Task details => As written and without pictures, set down the lines from the one that contains "Kitchen facing living rm" through the end of the data.
-------- Supplied information
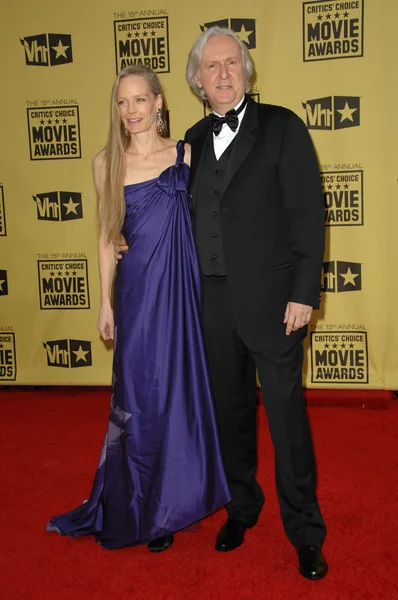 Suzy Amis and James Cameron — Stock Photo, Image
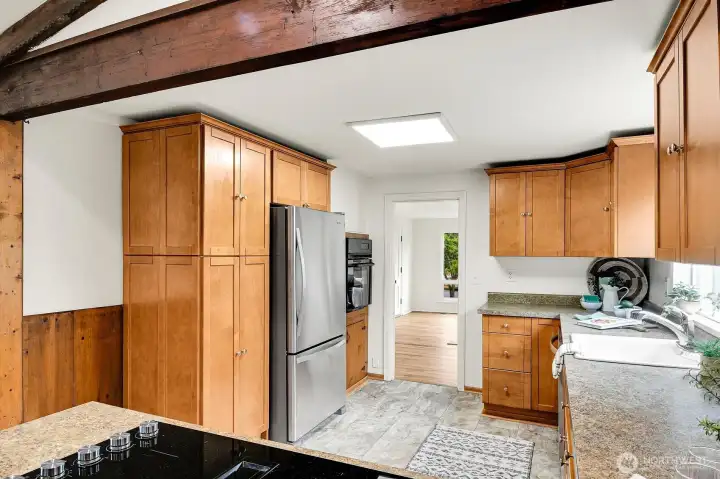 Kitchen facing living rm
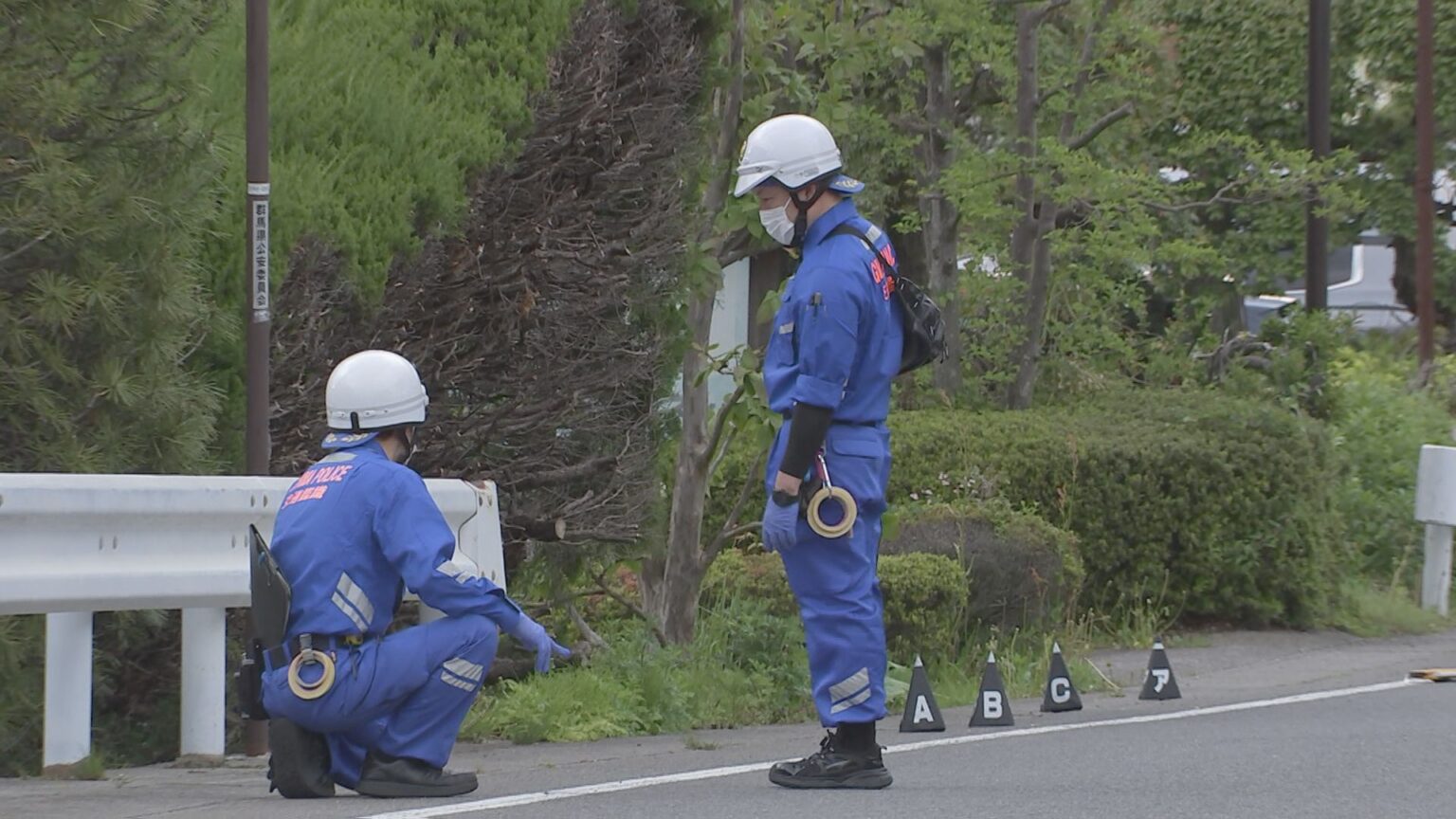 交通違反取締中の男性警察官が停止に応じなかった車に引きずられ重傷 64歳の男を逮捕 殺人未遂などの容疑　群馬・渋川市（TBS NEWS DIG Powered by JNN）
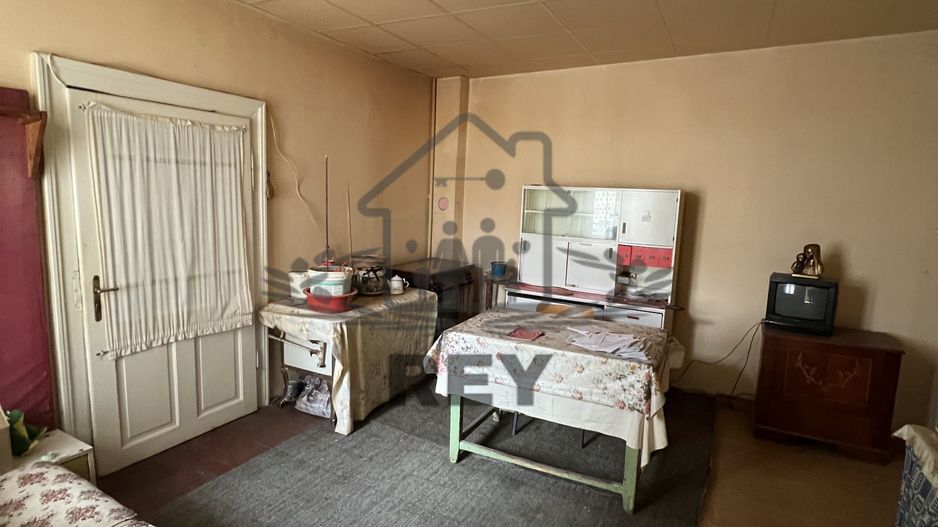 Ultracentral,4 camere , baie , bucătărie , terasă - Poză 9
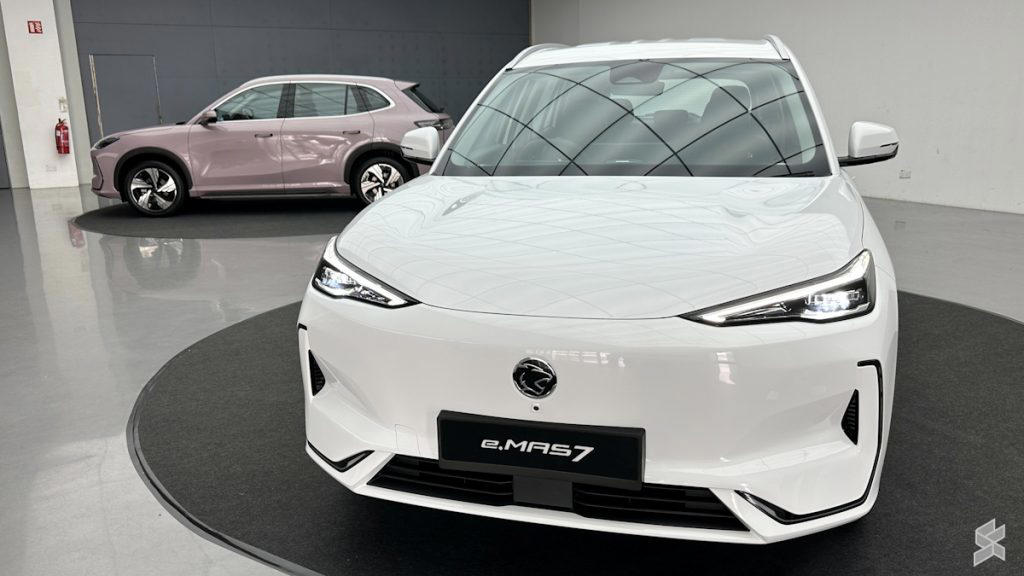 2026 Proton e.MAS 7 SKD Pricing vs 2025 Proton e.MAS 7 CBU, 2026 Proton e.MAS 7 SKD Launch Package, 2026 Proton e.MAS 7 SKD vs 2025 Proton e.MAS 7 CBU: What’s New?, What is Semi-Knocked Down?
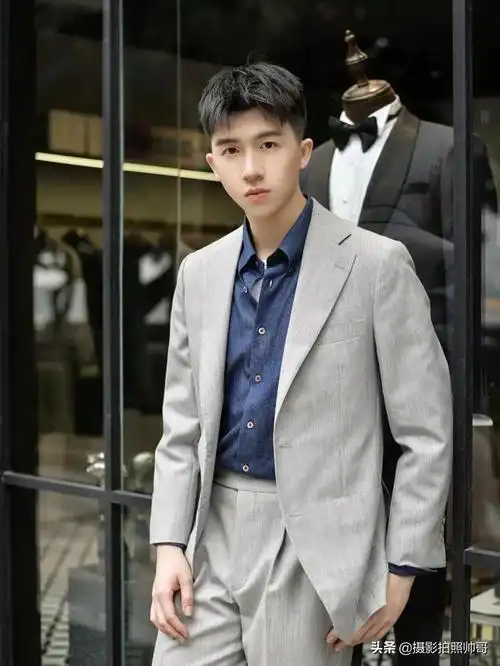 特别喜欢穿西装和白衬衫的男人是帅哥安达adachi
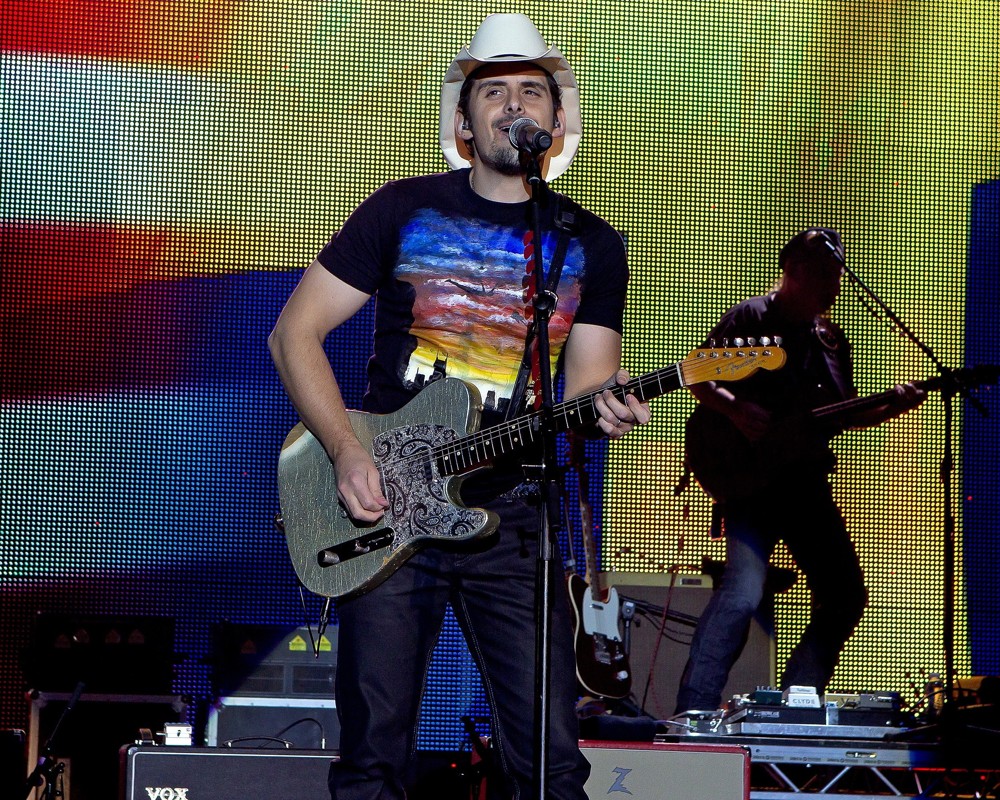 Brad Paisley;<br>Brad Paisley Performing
----------------
Response box =>
 Kitchen facing living rm
 交通違反取締中の男性警察官が停止に応じなかった車に引きずられ重傷 64歳の男を逮捕 殺人未遂などの容疑　群馬・渋川市（TBS NEWS DIG Powered by JNN）
 Ultracentral,4 camere , baie , bucătărie , terasă - Poză 9
 2026 Proton e.MAS 7 SKD Pricing vs 2025 Proton e.MAS 7 CBU, 2026 Proton e.MAS 7 SKD Launch Package, 2026 Proton e.MAS 7 SKD vs 2025 Proton e.MAS 7 CBU: What’s New?, What is Semi-Knocked Down?
 特别喜欢穿西装和白衬衫的男人是帅哥安达adachi
 Brad Paisley;<br>Brad Paisley Performing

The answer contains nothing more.